Image-caption web data
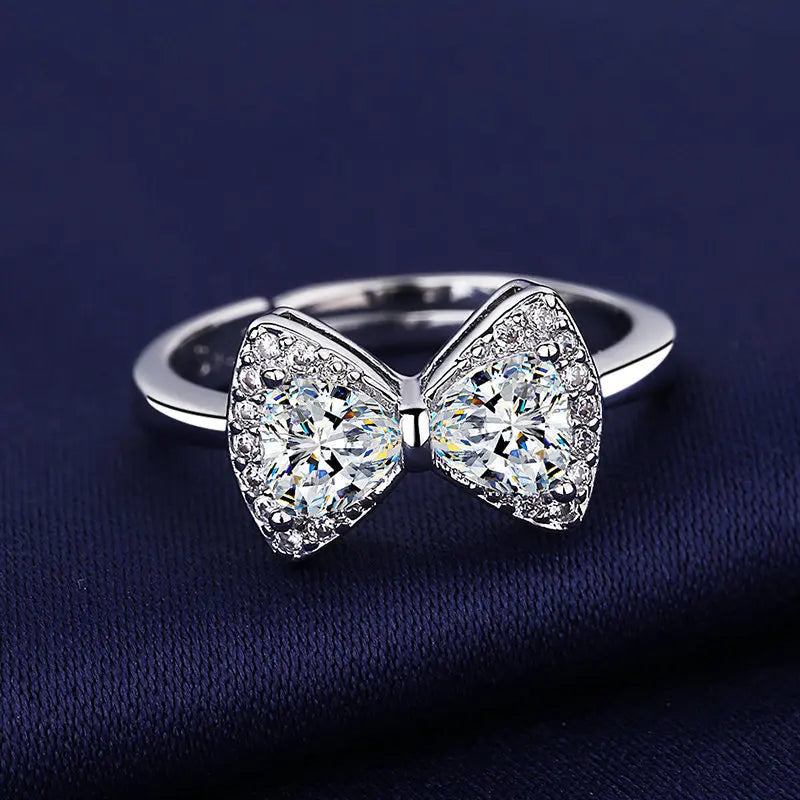 New Ring Heart 925 sterling silver Belle Ring CZ zircon Fit original Ring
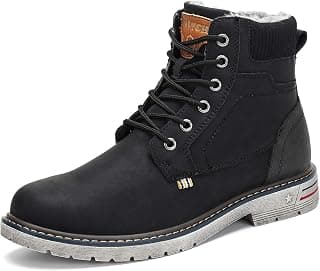 Mens Womens Winter Ankle Snow Hiking Boots Warm Water Resistant Non Slip Fur Lined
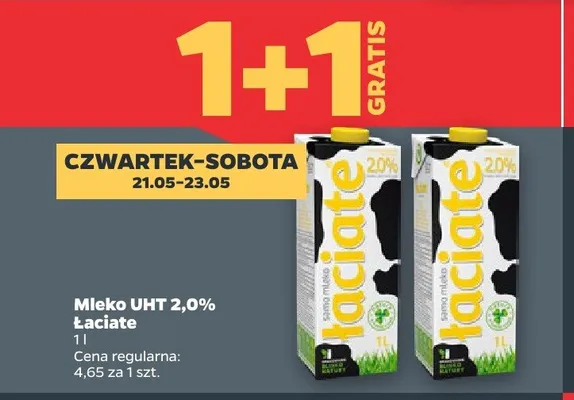Mleko UHT 2,0% Łaciate promocja w Netto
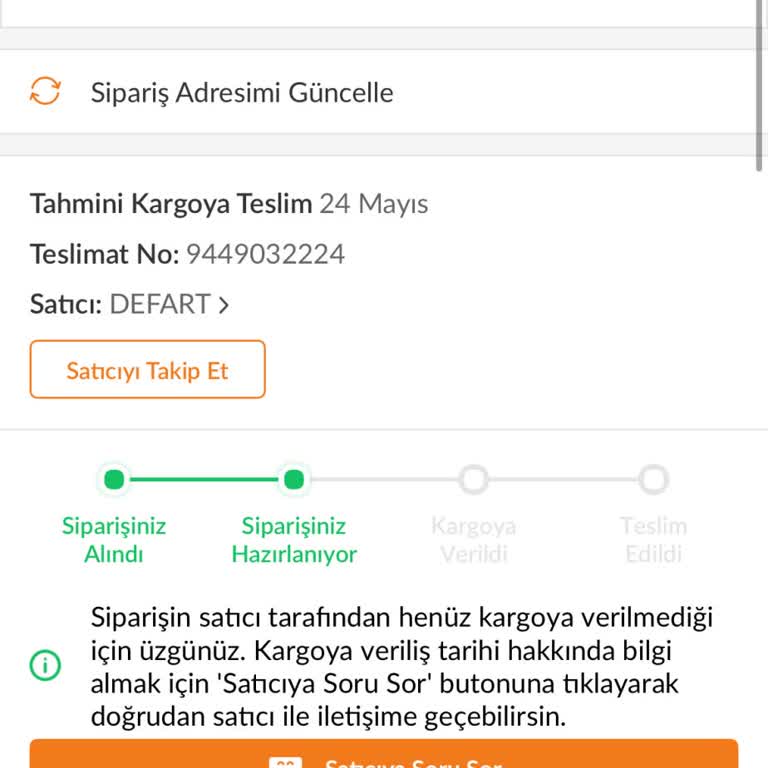 Siparişim Gönderilmedi, Satıcı Ve Destek Yanıt Vermiyor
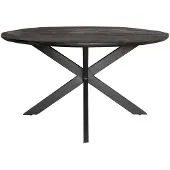 Starfurn Eettafel New York | 150 cm | Rond (Zwart, 150x150x76cm)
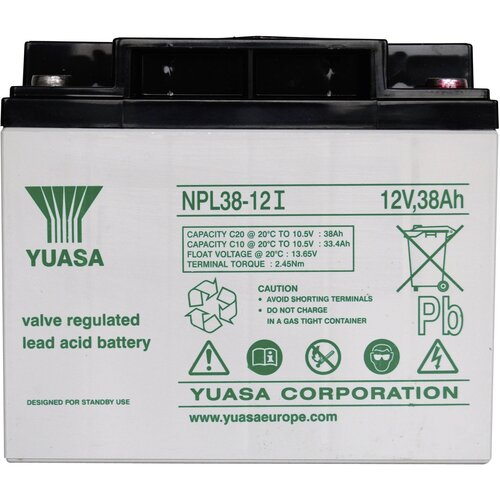 Yuasa Svinčev akumulator 12 V 38 Ah NPL38-12 svinčevo-koprenast (AGM) 197 x 170 x 165 mm M5-vijačni priklop\, brez vzdrževanja, (20439292) Cene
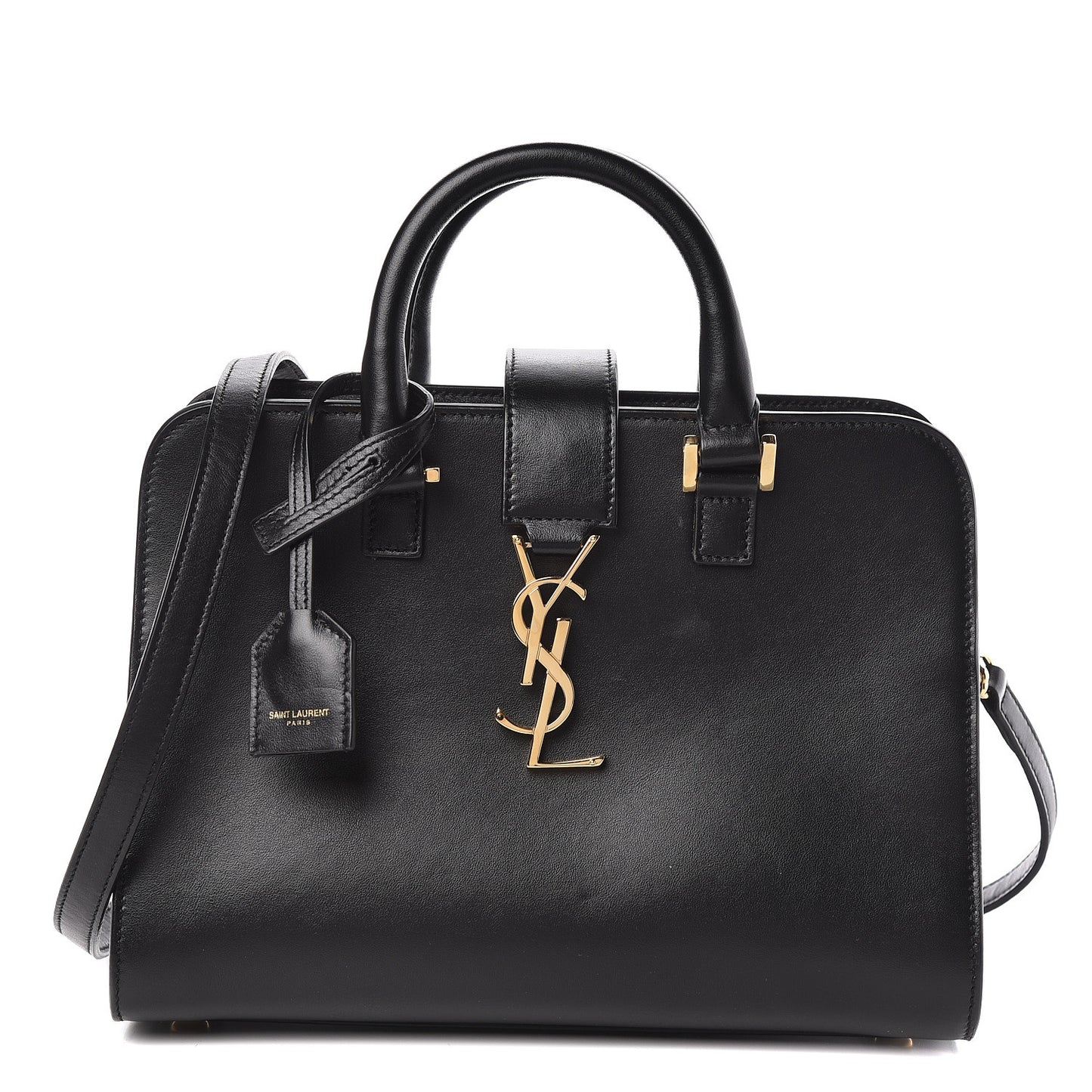 Calfskin Monogram Baby Cabas Black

(Task) Give the data above again, exactly and completely. No pictures go in.

(Answer box)
 New Ring Heart 925 sterling silver Belle Ring CZ zircon Fit original Ring
 Mens Womens Winter Ankle Snow Hiking Boots Warm Water Resistant Non Slip Fur Lined
Mleko UHT 2,0% Łaciate promocja w Netto
 Siparişim Gönderilmedi, Satıcı Ve Destek Yanıt Vermiyor
 Starfurn Eettafel New York | 150 cm | Rond (Zwart, 150x150x76cm)
 Yuasa Svinčev akumulator 12 V 38 Ah NPL38-12 svinčevo-koprenast (AGM) 197 x 170 x 165 mm M5-vijačni priklop\, brez vzdrževanja, (20439292) Cene
 Calfskin Monogram Baby Cabas Black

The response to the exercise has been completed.